A state-dependent model for assessing the population consequences of disturbance on income-breeding mammals

Abstract

Human activities continue to expand in marine and terrestrial environments, leading to increased interactions with wildlife that can have negative impacts on population dynamics. Approaches for quantifying how these interactions translate to population-level effects are therefore crucial for effective management practices and balancing human-wildlife tradeoffs. We developed a method using state-dependent behavioral theory implemented via Stochastic Dynamic Programming (SDP) for predicting the population consequences of disturbance on the physiology and reproductive behavior of an income-breeding mammal, using California sea lions (Zalophus californianus) as a motivating species. Emergent properties of the model included reproductive characteristics associated with long-lived species, such as variation in the age at first reproduction, early termination of pregnancy, and skipped breeding. In undisturbed model simulations, reproductive rates and the average wean date were consistent with empirically-derived estimates from sea lions and other marine mammals, highlighting the utility of this model for quantifying fecundity estimates of data-deficient species and addressing fundamental ecological processes.
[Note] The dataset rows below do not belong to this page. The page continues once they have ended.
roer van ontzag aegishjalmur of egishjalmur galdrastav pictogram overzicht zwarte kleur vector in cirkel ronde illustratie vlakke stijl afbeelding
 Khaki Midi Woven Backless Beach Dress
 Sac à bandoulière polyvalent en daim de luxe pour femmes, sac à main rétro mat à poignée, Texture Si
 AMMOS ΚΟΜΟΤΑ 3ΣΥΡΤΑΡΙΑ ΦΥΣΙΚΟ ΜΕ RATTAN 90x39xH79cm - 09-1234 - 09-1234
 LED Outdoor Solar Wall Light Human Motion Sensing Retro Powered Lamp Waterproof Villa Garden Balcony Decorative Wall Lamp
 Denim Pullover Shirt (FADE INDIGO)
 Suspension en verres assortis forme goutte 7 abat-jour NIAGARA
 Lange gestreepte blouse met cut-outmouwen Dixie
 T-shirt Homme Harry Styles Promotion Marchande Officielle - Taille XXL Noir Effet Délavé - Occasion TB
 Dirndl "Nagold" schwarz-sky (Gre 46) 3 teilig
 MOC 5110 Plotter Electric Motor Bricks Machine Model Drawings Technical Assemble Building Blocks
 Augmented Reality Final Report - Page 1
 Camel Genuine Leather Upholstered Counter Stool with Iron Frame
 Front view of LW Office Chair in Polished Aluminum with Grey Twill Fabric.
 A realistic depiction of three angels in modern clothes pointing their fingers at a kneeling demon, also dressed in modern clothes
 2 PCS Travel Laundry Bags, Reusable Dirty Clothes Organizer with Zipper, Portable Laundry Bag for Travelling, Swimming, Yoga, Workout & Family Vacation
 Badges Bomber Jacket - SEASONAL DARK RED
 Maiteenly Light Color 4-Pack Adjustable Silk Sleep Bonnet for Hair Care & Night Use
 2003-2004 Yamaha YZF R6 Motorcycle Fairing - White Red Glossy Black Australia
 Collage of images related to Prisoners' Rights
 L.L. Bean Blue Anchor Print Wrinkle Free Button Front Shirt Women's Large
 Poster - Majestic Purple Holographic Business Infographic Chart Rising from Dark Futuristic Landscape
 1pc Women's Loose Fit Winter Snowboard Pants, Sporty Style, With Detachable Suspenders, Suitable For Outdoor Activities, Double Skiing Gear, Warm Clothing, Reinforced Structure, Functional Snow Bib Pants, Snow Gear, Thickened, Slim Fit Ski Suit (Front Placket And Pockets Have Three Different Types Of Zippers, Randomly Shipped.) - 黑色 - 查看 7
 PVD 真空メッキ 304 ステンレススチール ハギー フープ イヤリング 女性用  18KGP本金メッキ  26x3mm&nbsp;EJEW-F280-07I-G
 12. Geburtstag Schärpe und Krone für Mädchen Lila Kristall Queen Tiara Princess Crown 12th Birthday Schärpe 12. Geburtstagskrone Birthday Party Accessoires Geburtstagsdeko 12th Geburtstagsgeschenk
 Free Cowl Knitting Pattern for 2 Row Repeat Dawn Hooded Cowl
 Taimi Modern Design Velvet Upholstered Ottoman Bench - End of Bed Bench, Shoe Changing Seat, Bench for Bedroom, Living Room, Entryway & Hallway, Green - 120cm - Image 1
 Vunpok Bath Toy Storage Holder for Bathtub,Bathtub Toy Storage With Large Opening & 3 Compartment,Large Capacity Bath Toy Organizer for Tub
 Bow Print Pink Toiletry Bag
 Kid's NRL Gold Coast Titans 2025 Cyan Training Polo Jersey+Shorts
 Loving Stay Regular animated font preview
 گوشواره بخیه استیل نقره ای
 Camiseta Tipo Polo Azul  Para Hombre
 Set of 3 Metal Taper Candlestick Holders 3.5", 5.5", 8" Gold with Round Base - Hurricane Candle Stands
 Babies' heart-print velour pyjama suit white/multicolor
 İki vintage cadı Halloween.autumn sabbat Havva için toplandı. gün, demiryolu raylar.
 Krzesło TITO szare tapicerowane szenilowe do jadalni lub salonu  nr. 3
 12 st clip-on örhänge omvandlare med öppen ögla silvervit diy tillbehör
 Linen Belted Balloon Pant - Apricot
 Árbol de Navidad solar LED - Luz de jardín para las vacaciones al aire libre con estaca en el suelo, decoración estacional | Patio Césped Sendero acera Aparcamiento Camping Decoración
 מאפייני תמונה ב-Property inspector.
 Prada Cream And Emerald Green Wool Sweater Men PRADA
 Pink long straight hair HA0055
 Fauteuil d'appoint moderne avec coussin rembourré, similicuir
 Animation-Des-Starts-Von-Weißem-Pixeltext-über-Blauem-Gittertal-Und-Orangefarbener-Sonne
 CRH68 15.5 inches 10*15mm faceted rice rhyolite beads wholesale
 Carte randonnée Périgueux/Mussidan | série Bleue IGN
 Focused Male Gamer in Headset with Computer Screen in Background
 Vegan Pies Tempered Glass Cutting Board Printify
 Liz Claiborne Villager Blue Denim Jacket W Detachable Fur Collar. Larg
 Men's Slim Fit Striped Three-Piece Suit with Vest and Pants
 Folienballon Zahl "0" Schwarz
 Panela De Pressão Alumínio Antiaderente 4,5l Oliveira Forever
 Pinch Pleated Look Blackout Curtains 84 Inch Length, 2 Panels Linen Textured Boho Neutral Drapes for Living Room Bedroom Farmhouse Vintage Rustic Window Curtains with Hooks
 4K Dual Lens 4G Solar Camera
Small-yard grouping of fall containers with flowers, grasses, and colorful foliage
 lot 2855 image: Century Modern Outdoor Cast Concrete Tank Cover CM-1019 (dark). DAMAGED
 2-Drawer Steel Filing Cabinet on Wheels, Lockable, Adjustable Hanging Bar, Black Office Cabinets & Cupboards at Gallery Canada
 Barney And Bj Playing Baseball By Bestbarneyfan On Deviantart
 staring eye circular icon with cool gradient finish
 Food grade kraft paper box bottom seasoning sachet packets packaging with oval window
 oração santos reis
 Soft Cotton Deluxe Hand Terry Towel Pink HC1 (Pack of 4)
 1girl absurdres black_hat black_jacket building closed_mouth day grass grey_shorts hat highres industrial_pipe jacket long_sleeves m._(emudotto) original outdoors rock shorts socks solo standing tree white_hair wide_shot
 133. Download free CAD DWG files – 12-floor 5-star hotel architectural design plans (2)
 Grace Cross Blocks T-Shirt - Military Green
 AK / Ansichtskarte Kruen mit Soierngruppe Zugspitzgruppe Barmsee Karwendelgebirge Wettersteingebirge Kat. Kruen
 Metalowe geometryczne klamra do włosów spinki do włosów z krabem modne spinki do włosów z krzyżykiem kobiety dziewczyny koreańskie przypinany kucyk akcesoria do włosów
In disturbed model simulations, exposure to prolonged, repetitive disturbances negatively impacted population growth; in addition, short, infrequent disturbances had the potential for adverse effects depending on the behavioral response of sea lions and the probability of being disturbed. The adverse effect of disturbance on population dynamics was due to a combination of reduced pup recruitment (survival to age one) resulting from a lower wean mass and increased abortion rates that led to skipped reproductive years, both of which have been documented for marine mammal populations experiencing natural fluctuations in prey availability. The derivation of state- and time-dependent reproductive decisions using an SDP model is an effective approach that links behavioral and energetic effects at the individual level to changes at the population level, and one that serves a dual purpose in the ability to quantify basic biological parameters and address ecological questions irrespective of disturbance.